Data extract:
◆ ◆ ◆ ◆
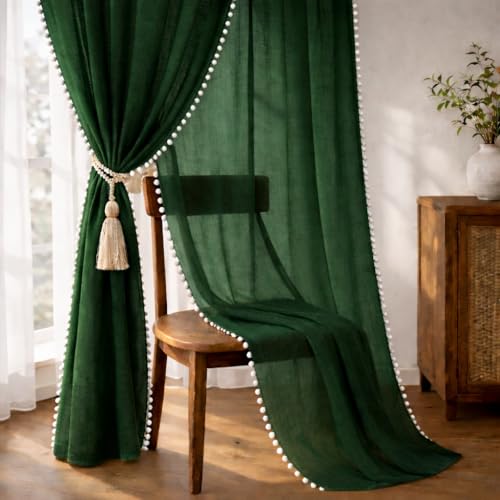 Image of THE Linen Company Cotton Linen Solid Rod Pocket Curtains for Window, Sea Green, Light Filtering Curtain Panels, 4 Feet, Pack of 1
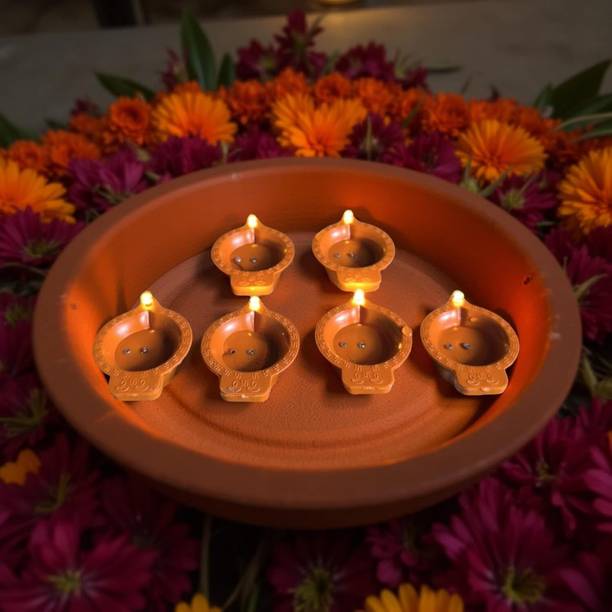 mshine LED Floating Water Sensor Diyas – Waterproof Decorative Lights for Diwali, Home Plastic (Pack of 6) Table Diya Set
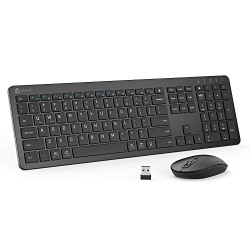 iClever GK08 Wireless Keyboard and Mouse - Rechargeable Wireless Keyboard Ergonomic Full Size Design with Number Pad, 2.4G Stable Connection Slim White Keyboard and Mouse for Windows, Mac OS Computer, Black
◆ ◆ ◆ ◆
Exercise: Reproduce the entire listing exactly, but omit any pictures.

Answer to the exercise:
 Image of THE Linen Company Cotton Linen Solid Rod Pocket Curtains for Window, Sea Green, Light Filtering Curtain Panels, 4 Feet, Pack of 1
 mshine LED Floating Water Sensor Diyas – Waterproof Decorative Lights for Diwali, Home Plastic (Pack of 6) Table Diya Set
 iClever GK08 Wireless Keyboard and Mouse - Rechargeable Wireless Keyboard Ergonomic Full Size Design with Number Pad, 2.4G Stable Connection Slim White Keyboard and Mouse for Windows, Mac OS Computer, Black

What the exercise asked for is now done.